The dollar is trading lower at the margin overnight, with the G10 currencies following a pattern consistent with an improvement in risk appetite. The size of the moves has not been sufficient to fully offset the price action from the rest of the week, and on a 5 day basis the dollar is still up against most major currencies, with the Japanese yen the major exception. The improvement in risk appetite of the past 24 hours coincided with an equities rally, which seemed to be triggered by headlines regarding a favourable clinical trial for covid-19 treatment. Yesterday’s biggest news consisted of economic data, which further highlighted the severity of the recession facing the US, and guidelines from the Trump administration on the reopening of the US economy. Despite previous rhetoric that suggested the White House would seek to implement an early, centrally managed re-opening of the economy, the guidelines seemed to give state Governors leeway in their implementation. The guidelines recommend that after two weeks of declining infection intensity, states moved to a gradual three phase loosening of restrictions. On the data front, initial jobless claims topped 5 million, consistent with consensus estimates. The aggregate number of initial jobless claims over the past month are now greater than 20 million, effectively undoing the past decade of job gains under Presidents Obama and Trump.

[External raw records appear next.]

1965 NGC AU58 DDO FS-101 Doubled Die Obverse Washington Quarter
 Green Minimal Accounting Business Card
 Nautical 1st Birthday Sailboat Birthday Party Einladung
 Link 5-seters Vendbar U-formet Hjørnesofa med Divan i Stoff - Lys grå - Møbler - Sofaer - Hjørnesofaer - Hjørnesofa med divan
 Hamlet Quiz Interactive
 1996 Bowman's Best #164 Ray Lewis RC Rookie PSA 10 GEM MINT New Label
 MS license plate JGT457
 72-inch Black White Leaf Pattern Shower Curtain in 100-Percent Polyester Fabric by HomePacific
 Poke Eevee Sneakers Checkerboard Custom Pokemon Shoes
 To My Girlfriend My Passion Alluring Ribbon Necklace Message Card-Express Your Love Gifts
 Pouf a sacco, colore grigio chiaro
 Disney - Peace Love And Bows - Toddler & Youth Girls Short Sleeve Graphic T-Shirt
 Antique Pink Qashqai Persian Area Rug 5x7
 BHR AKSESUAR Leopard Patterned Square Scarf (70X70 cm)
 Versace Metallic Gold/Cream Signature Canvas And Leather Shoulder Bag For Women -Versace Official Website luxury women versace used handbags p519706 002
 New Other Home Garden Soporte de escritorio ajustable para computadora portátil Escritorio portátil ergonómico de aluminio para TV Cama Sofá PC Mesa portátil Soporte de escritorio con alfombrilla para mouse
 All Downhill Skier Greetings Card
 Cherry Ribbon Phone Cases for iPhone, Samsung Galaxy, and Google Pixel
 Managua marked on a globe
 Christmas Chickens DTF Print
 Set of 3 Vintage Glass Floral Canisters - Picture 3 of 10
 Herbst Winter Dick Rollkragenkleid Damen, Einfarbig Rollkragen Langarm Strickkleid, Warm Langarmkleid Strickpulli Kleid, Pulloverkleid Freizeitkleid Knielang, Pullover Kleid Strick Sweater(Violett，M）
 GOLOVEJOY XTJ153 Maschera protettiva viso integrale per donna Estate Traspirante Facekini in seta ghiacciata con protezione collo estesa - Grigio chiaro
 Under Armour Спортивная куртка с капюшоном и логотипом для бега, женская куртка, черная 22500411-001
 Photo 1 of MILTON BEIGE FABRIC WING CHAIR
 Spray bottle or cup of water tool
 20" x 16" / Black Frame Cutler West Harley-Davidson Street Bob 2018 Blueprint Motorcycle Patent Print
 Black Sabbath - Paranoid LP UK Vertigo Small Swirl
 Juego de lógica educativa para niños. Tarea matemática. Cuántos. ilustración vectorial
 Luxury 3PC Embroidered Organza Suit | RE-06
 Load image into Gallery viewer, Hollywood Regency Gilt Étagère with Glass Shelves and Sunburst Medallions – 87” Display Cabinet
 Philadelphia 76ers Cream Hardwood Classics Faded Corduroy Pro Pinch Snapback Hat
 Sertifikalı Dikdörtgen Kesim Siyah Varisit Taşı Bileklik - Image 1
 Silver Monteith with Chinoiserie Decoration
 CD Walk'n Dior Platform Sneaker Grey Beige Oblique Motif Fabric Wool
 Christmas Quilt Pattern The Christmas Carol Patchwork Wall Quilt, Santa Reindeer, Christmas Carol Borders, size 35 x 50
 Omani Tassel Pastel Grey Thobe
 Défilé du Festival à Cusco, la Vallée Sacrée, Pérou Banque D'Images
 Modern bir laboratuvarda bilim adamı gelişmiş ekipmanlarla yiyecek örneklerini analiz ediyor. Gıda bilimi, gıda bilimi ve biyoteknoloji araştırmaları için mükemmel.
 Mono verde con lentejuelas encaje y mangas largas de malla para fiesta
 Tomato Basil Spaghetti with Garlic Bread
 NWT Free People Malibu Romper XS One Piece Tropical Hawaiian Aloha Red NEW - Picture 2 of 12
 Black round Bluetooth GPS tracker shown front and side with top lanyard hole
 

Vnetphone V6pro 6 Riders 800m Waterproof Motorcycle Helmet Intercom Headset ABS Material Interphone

With general risk appetite improving overnight, the euro managed to retrace some of its recent losses against the dollar. The relief did not last long, however, as this morning’s data included a sharp contraction of 55.1% in eurozone new car registrations in March, compared to a prior decrease of 7.4%, which adds to a series of disappointing but not unexpected data for the eurozone. France’s President Emmanuel Macron voiced concerns over the lack of financial solidarity in the European Union and warned of a collapse of the Union if the member states do not set up a mutual debt response. European Commission President Ursula von der Leyen stated in a speech at the European Parliament Plenary on Thursday that the EU budget should be “the mothership” of efforts to revive growth after the coronavirus pandemic, and apologised to Italy for a slow response, acknowledging that “too many were not there on time when Italy needed a helping hand at the very beginning”. EU leaders will hold a conference call next week to further discuss a potential increase in the Union’s budget firepower. On the monetary side, the European Central Bank signalled its commitment to “do everything necessary within its mandate to help the euro area through this crisis”, and stated that the central bank is “fully prepared to increase the size of its asset purchase program and adjust their composition, by as much as necessary and for as long as needed”.
Sterling is trading roughly flat against the US dollar compared to yesterday morning, having managed to scrape itself up off fresh lows reached late last night. Against the euro, the pound remains conformably higher on the week. Domestic UK news flow has been largely beside the point for the pound this week, as it has traded in line with other small, open, developed economies. Bank of England MPC member Silvana Tenreyro gave a major speech on inflation and monetary policy in the context of the coronavirus pandemic, and warned that inflation would likely fall below 1% in the near future. Tenreyro steered well clear of giving any direct guidance on the BoE response, but did note that the recovery from the economic shock of the lockdown in Q2 will be less rapid than one would like. The next Monetary Policy Report is due to be released on May 7th, and will feature a more comprehensive official assesment of the macro outlook.